ANN ARBOR, Mich. (Michigan News Source) – On America’s college campuses, a strange kind of masquerade ball is in full swing. Only, the masks aren’t sequined – they are ideological. Students aren’t just hitting the books; they’re hitting their marks in a script of socially approved opinions, carefully rehearsed for professors and peers.

According to a recent report from The Hill, contributing writers Forest Romm and Kevin Waldman, researchers at Northwestern University and the University of Michigan, cite their two-year study that included confidential interviews with 1,452 undergraduates. While doing their interviews, they found a whopping 88% of undergrads admit to pretending to be more progressive than they actually are.

MORE NEWS: NCAA Announces Press Conference for Michigan Sign Stealing Scandal

This is about academic survival. In an environment where grades, leadership roles, and even friendships often hinge on reciting the “right” positions, students have learned that fluency in woke- speak and the right kind of virtue-signaling is as valuable as a well-written thesis.

Keeping up with the clichés.

The findings in their report aren’t about whether students are progressive or not – many are. The problem is that public expression and private belief have become two separate worlds. In front of the class, the progressive rhetoric flows: gender is a fluid spectrum, capitalism is bad, and climate change is the defining moral crisis of our time. In private? Not so much.

When the researchers asked about views on different issues, they found that 78% of the students self-censored on their beliefs surrounding gender identity, 72% on politics and 68% on family values. Additionally, 77% disagreed with the idea that gender identity should override biological sex in areas like sports or healthcare. But nearly all said they’d never voice that disagreement aloud for fear of academic suicide.

Grades over guts.

More than 80% of students admitted to having submitted classwork that misrepresented their actual opinions. The motivation isn’t hard to guess. A professor who hears exactly what they want to hear is less likely to tank your grade – and more likely to write you a glowing recommendation letter.

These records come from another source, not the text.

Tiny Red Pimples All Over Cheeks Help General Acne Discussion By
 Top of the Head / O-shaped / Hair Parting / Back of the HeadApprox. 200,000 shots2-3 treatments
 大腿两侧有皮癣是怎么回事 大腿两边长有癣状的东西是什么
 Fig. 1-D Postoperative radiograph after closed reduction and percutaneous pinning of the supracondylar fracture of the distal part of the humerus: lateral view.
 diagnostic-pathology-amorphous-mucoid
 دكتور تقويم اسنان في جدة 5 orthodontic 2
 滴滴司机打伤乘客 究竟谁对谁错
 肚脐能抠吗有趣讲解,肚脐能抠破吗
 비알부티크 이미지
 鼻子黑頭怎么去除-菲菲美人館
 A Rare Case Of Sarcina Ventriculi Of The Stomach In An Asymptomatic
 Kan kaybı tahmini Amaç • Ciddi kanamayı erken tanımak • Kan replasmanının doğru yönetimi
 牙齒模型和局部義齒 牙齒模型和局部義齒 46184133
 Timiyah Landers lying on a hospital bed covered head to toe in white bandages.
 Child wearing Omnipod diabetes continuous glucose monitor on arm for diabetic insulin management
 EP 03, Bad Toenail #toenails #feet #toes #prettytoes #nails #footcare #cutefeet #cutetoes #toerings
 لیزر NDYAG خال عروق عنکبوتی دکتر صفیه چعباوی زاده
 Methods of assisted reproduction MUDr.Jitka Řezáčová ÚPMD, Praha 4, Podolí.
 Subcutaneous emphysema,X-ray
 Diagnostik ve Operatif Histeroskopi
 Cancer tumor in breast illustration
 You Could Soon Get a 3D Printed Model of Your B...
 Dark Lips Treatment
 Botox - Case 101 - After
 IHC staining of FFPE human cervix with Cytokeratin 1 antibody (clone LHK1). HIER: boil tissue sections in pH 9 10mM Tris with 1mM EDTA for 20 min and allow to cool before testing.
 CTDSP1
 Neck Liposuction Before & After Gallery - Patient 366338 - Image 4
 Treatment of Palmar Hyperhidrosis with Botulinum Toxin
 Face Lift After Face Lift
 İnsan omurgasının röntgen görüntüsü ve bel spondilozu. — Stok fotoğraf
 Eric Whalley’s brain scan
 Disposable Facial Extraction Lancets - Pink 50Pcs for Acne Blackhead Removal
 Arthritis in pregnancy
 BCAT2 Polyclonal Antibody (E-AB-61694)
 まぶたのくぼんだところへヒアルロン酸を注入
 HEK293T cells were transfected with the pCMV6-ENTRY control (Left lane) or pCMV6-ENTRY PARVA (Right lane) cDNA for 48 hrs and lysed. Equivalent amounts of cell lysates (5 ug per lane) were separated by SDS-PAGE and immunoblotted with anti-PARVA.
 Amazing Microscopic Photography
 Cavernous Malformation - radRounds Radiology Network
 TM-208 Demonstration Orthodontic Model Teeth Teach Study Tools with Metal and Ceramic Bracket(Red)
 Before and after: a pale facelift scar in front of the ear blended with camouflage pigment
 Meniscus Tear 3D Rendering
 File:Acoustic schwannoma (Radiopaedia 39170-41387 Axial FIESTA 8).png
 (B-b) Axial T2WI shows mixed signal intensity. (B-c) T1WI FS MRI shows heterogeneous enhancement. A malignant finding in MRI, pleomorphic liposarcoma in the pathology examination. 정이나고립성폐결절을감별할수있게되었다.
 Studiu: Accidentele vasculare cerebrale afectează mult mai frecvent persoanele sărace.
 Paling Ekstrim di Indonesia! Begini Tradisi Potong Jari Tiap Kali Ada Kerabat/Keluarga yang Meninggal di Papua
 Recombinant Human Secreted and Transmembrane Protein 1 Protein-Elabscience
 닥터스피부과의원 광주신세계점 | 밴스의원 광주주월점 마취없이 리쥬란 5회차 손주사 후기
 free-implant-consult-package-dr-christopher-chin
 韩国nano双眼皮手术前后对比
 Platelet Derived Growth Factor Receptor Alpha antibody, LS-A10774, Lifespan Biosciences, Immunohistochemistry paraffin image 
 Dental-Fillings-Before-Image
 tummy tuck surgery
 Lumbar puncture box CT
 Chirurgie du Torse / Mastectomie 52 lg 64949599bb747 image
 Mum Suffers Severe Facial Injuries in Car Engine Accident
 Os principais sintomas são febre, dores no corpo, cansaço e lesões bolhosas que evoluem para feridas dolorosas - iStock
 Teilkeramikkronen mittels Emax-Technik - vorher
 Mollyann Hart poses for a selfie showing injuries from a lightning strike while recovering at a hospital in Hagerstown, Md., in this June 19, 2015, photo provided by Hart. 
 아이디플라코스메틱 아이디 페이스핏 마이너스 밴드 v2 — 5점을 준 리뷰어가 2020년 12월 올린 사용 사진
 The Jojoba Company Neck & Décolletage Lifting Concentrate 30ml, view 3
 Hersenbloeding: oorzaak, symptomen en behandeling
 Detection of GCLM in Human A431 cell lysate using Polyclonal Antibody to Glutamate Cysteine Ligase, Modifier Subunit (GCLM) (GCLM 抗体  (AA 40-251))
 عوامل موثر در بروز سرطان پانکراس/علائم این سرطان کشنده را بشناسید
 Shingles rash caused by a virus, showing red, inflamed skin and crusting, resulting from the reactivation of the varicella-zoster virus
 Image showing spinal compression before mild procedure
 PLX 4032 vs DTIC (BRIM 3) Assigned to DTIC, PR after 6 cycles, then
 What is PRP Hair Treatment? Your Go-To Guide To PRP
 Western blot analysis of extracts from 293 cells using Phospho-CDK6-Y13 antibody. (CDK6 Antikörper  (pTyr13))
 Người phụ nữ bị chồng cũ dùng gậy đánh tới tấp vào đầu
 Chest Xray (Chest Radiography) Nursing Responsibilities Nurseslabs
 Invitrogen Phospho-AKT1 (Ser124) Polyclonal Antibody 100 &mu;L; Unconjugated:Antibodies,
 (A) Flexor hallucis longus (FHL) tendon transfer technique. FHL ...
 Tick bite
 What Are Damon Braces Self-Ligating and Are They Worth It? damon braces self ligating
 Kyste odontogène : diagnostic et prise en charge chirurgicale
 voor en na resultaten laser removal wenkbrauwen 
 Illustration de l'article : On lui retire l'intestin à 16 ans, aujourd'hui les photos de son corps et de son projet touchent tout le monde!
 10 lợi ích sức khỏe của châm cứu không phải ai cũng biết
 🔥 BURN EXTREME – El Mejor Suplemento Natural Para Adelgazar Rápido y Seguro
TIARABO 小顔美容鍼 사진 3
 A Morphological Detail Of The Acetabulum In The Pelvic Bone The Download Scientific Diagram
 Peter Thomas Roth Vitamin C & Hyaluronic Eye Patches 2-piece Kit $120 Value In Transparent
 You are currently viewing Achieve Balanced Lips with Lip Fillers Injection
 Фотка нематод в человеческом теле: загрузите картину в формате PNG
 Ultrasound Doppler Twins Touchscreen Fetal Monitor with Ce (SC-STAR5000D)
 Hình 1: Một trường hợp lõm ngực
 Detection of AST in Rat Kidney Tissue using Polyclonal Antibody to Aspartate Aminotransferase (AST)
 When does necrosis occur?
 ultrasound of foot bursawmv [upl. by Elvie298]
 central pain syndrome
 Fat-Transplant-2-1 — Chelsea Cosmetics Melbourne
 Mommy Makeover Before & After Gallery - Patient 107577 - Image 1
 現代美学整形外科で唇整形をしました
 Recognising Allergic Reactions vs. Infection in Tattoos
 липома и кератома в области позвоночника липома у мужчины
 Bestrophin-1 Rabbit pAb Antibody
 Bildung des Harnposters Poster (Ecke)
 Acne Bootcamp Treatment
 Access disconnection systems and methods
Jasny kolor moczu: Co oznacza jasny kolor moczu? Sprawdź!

Even in friendships and dating, honesty has become risky. 73% of students say they don’t trust peers enough to speak openly about their beliefs. Nearly half hide their views even from their closest relationships.

A student’s perspective.

Michigan News Source reached out to an adult student who is taking classes under the Michigan Reconnect program, a scholarship program designed to help Michigan residents pursue a degree. She asked to remain anonymous for obvious reasons. We will refer to her as Beatrice.

MORE NEWS: Michigan Talks Gender Diversity, But Its Data Stays Binary

Beatrice’s statement on the subject is as follows: “I have been a student since fall of 2023. The saddest part of being a student is that I can quickly pick up on the political leanings of my professors.

Whether it is the material they force me to read and write about or the grades I receive for deviating from the woke agenda, it is evident what they expect – me to fall under the umbrella of TDS (Trump Derangement Syndrome) just like them.”

She says, “I have to physically control my eye rolls during class lectures while I listen to them drum about ‘that guy,’ clearly meaning President Trump. I play along and I have my liberal-leaning, college student daughter read my papers to see her reaction. If it is good, I submit, if I see steam coming from her ears or she begins to call me names (like ignorant, for example), I rewrite it.”

Disappointed, but not surprised.

Beatrice continues, “Last semester we were asked to write about a current controversy. I chose to write about men in women’s sports. I had a 98% in the class so I took the chance to write the paper with my opinion about how wrong it is for men to be allowed to participate against women. I received an 80% on it. The comments were astounding. When I quoted the White House, the comment was ‘so what, who cares what he thinks?’ When I referenced a high school volleyball player who had a traumatic brain injury from a volleyball that hit her in the head (spiked by a boy on the girls team who identified as a girl), I was told that the source was not ‘credible.’”

She concludes by saying, “I can say I was disappointed by the grade, but not surprised in any way that I would receive it. For reference I received a 100% on all of my other papers for the class prior to the final assignment. I feel dirty and like I have to betray myself, my values and my beliefs just to obtain a GPA. I have a 4.0 and I am not going to let their venomous mindset take that away from me, so I play their game. It is a sad state of affairs what goes on in college classrooms. I hear the echo of political sentiments from the young students as well. It is lonely, and it takes away from the goal of self improvement.”

Authenticity on academic life support.

Once upon a time, college was where you learned to test your ideas, challenge authority, and maybe even change your mind after debating a subject. Now, it’s where you learn to say what you don’t believe in order to avoid the social and academic penalty box.

Universities justify this climate in the name of “inclusion,” but when inclusion demands dishonesty, it stops being inclusion and starts becoming identity regulation. The result is a generation that’s being trained to be morally certain in public (compliance), but privately unsure of where they actually stand with their own convictions.

The most radical thing a student can do now? Tell the truth.